UAs SHOULD provide users a way to manage their CPKs. Ideally, there would be a way for a user to maintain their HOBA details for a site while at the same time deleting other site information such as cookies or non-HOBA HTML5 LocalStorage. However, as this is likely to be complex and appropriate user interfaces counter intutitive, we expect that UAs that implement HOBA will likely treat HOBA information as just some more site data, that would disappear should the user choose to "forget" that site.

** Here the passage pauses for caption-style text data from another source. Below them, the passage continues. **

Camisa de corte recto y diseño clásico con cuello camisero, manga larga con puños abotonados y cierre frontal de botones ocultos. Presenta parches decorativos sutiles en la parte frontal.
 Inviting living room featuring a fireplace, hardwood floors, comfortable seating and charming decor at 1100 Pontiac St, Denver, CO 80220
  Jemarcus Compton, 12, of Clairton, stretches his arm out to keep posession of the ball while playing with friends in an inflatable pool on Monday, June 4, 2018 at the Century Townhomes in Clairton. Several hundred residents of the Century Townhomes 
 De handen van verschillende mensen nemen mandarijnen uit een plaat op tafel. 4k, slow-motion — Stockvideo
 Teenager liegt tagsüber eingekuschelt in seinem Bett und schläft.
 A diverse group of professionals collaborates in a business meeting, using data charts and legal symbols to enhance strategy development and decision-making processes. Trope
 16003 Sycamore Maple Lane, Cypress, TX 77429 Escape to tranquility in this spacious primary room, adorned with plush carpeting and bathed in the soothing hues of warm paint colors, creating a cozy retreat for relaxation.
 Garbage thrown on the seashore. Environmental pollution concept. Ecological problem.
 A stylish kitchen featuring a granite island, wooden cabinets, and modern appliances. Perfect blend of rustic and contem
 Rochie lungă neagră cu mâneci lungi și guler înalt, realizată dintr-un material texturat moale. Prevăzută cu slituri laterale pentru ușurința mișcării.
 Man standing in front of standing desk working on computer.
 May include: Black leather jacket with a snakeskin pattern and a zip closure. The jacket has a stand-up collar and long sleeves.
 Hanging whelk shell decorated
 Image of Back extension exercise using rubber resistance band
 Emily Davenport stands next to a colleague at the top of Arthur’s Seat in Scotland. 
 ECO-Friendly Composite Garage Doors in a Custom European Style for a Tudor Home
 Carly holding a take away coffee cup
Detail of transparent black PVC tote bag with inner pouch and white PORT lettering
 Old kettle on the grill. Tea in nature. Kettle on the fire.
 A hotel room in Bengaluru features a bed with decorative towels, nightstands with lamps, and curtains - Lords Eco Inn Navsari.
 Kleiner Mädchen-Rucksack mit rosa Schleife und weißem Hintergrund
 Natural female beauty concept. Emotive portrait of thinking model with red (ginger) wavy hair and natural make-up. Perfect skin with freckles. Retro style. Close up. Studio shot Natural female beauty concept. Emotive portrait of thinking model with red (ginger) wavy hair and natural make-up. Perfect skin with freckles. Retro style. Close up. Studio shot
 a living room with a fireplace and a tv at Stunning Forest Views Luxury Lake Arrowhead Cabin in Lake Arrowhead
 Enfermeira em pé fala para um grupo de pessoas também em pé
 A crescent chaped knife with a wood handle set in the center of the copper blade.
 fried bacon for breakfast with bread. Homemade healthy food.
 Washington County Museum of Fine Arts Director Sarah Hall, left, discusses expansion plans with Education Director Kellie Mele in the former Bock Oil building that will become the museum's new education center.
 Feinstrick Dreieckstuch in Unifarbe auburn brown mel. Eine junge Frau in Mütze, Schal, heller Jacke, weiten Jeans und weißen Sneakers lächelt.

8.2. localStorage Security for Javascript

The use of localStorage (likely with a non-WebCrypto implementation of HOBA-js) will undoubtedly be a cause for concern. localStorage uses the same-origin model which says that the scheme, domain and port define a localStorage instance. Beyond that, any code executing will have access to private keying material. Of particular concern are XSS attacks which could conceivably take the keying material and use it to create UAs under the control of an attacker. But XSS attacks are in reality across the board devastating since they can and do steal credit card information, passwords, perform illicit acts, etc, etc. It's not clear that we introduce unique threats from which clear text passwords don't already suffer.

Another source of concern is local access to the keys. That is, if an attacker has access to the UA itself, they could snoop on the key through a javascript console, or find the file(s) that implement localStorage on the host computer. Again it's not clear that we are worse in this regard because the same attacker could get at browser password files, etc too. One possible mitigation is to encrypt the keystore with a password/pin the user supplies. This may sound counter intuitive, but the object here is to keep passwords off of servers to mitigate the multiplier effect of a large scale compromise ala LinkedIn because of shared passwords across sites.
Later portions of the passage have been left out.